A useful heuristic: if you know exactly what your circuit looks like at compile time and it fits comfortably in memory, quotienting’s simplicity wins. If your circuit’s shape depends on runtime data, or if you’re pushing toward billions of constraints, sum-check’s adaptivity becomes essential.

Key Takeaways

  1. The core distinction. Quotienting proves “$Z_H$ divides the error polynomial” via a committed quotient. Sum-check proves “the weighted sum equals zero” via interactive reduction. Same goal, different algebra.

  2. Domain shapes computation. Roots of unity give FFT and simple $Z_H(X) = X^N - 1$. The Boolean hypercube gives tensor structure and the halving trick. Each domain has algebraic gifts; the proof strategy exploits them.

  3. The quotient is overhead. Every quotienting proof commits to $Q(X)$. Sum-check needs no extra commitment beyond the original polynomials. For sparse constraints, this difference is dramatic.

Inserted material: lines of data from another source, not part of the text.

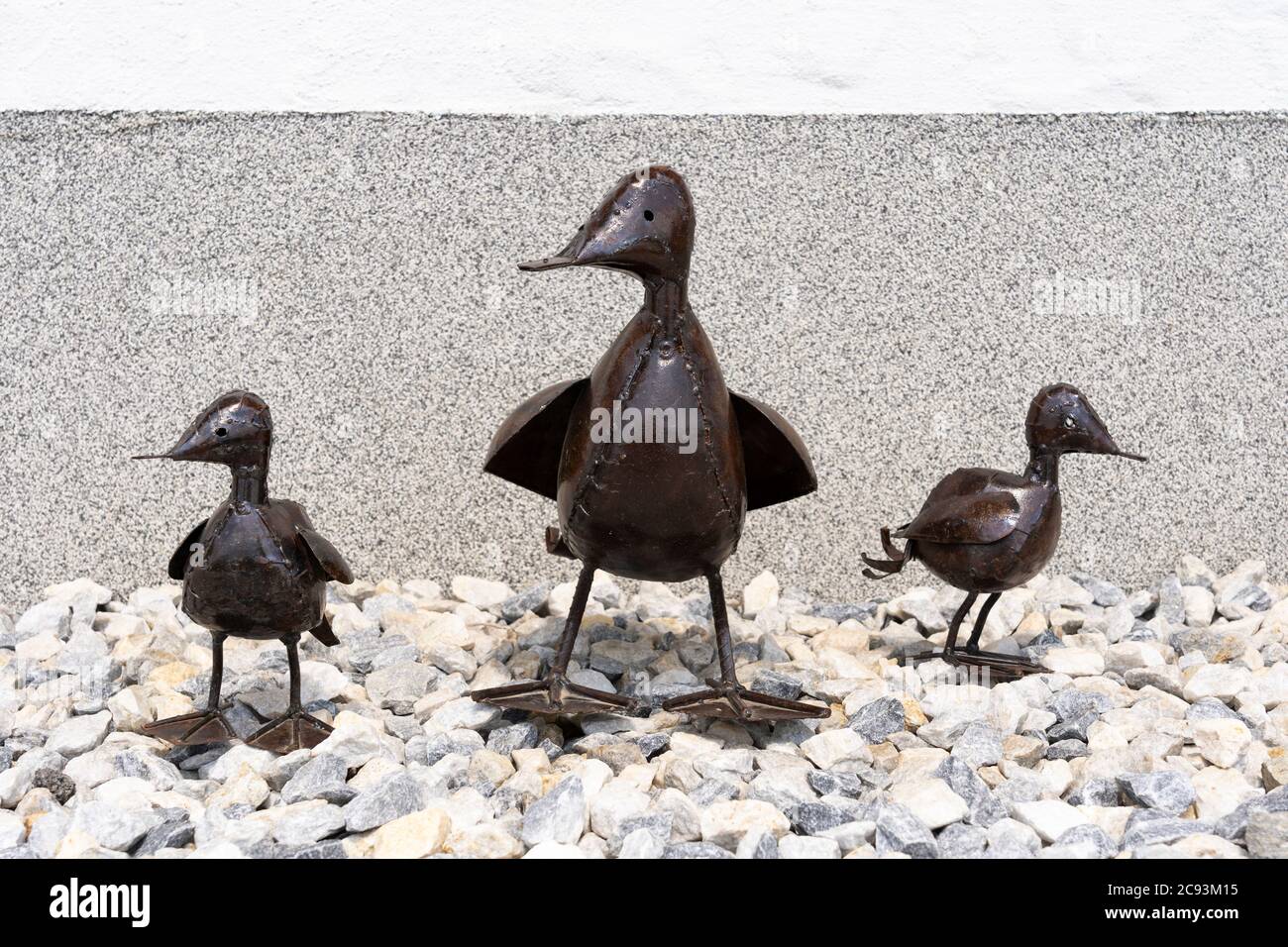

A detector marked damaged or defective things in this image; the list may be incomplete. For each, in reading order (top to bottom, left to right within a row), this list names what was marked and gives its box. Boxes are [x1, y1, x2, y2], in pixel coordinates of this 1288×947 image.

rusty brown metal surface [133, 388, 353, 752]
rusty brown metal surface [474, 165, 824, 721]
rusty brown metal surface [865, 381, 1148, 680]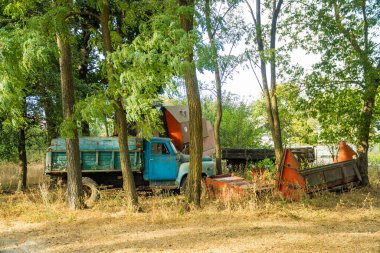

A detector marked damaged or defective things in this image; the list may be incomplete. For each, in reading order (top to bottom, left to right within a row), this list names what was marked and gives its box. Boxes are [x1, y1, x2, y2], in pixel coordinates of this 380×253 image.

abandoned truck [45, 136, 214, 200]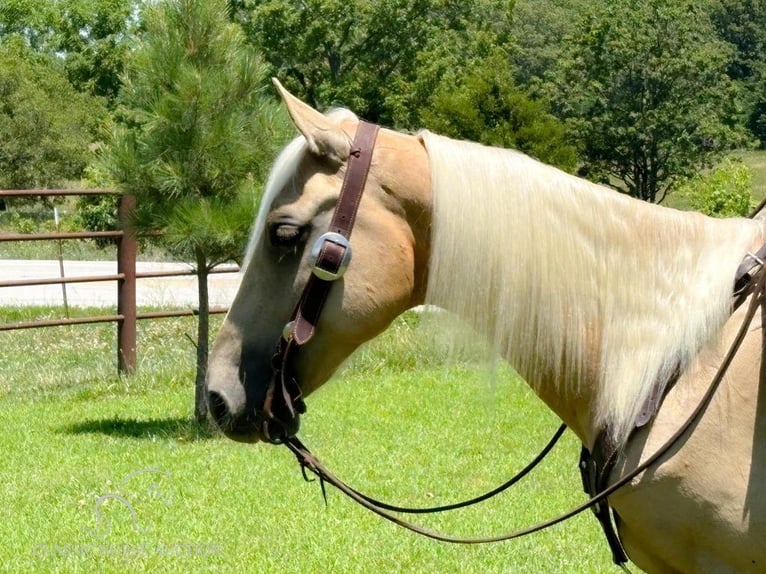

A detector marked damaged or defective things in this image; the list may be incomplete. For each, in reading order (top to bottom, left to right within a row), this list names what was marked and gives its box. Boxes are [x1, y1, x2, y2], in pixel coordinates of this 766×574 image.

rusty metal fence [0, 191, 237, 376]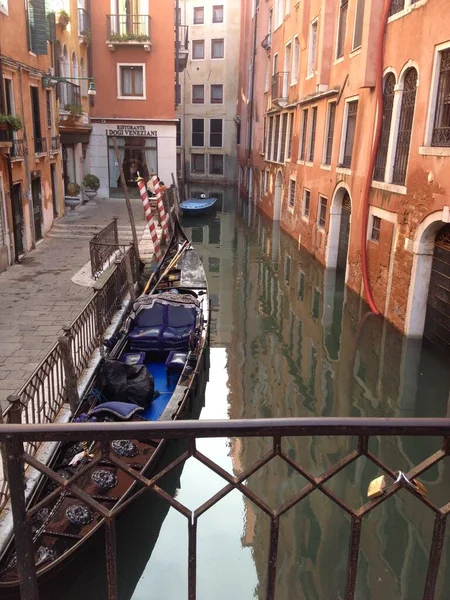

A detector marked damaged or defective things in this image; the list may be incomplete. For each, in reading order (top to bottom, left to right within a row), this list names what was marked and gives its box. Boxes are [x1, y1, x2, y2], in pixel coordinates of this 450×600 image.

rusty iron railing [88, 218, 118, 278]
rusty iron railing [0, 248, 137, 510]
rusty iron railing [0, 418, 450, 600]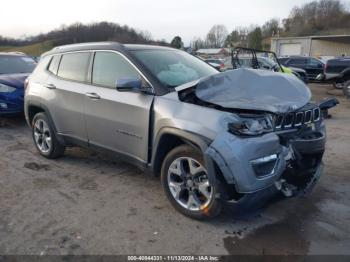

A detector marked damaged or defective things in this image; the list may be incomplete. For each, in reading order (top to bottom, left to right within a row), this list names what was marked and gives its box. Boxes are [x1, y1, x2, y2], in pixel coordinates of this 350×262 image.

damaged jeep compass [26, 42, 330, 219]
crushed hood [178, 68, 312, 113]
broken headlight [228, 114, 274, 136]
crumpled front end [206, 104, 326, 196]
damaged bumper [206, 122, 326, 195]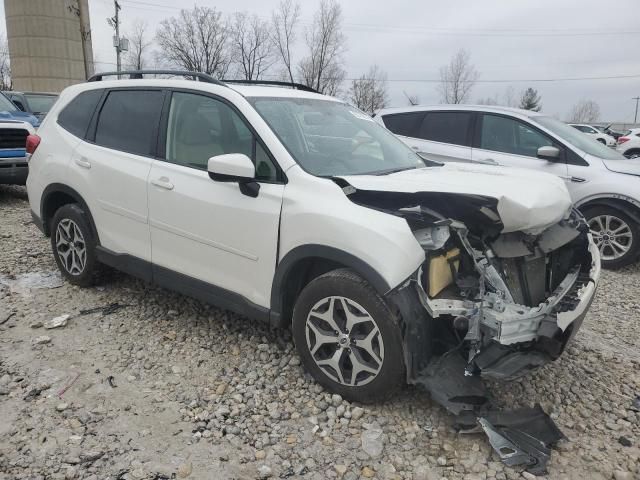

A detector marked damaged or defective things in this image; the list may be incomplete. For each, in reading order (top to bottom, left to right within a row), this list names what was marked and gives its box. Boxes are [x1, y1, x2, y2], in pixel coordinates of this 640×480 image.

crumpled hood [340, 163, 568, 234]
crumpled hood [604, 158, 640, 176]
severe front-end damage [336, 176, 600, 472]
crushed fender [478, 404, 564, 476]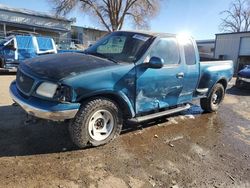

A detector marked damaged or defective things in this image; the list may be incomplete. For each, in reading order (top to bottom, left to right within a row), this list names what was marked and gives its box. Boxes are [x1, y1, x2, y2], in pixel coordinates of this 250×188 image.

damaged front bumper [9, 81, 79, 121]
cracked headlight [35, 82, 58, 98]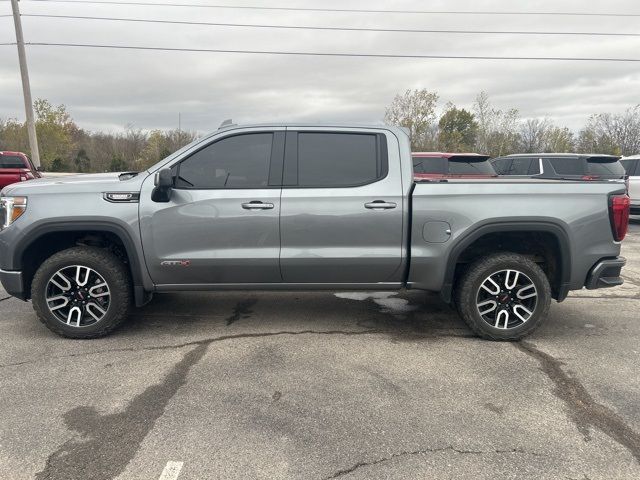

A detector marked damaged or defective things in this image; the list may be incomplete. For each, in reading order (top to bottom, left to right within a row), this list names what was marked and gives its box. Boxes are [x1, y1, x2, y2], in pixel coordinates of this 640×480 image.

crack in pavement [224, 298, 256, 324]
crack in pavement [0, 328, 472, 370]
crack in pavement [516, 340, 640, 464]
crack in pavement [322, 444, 544, 478]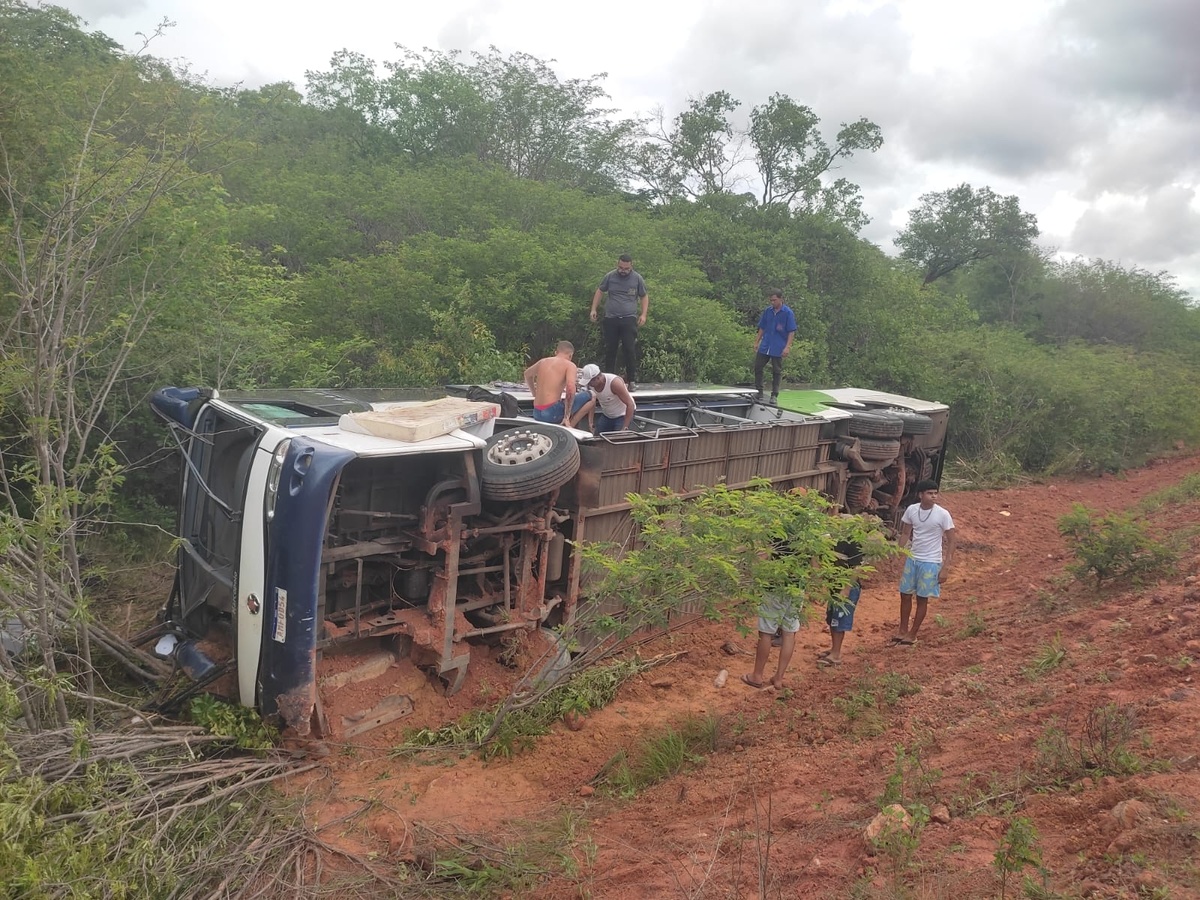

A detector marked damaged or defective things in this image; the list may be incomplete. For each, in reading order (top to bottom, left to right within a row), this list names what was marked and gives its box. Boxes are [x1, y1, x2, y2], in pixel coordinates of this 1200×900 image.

overturned bus [148, 384, 948, 736]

  4. Sparsity changes everything. Quotienting costs $O(N \log N)$ regardless of how many constraints are non-trivial. Sum-check costs $O(T)$ for $T$ non-zero terms. When $T \ll N$, sum-check wins by orders of magnitude.

  5. Wiring has two faces. Quotienting encodes copy constraints as permutations, verified via a grand product accumulator. Sum-check encodes them as memory access, verified via sparse indicator matrices. Same constraint, different abstractions.

  6. PIOP and PCS co-evolve. Univariate PIOPs pair with KZG or FRI over roots of unity. Multilinear PIOPs pair with Bulletproofs, Dory, or Hyrax over the hypercube. Mixing paradigms is possible but rarely optimal.

  7. Virtualization is sum-check’s superpower. Any polynomial computable from committed polynomials can be “virtual”: defined implicitly, never committed. Quotienting requires explicit commitment to every polynomial that appears in a divisibility check.

  8. The design heuristic. Fixed circuit, dense constraints, proof size matters: quotienting. Dynamic structure, sparse constraints, prover speed matters: sum-check. Neither dominates; choose based on your bottleneck.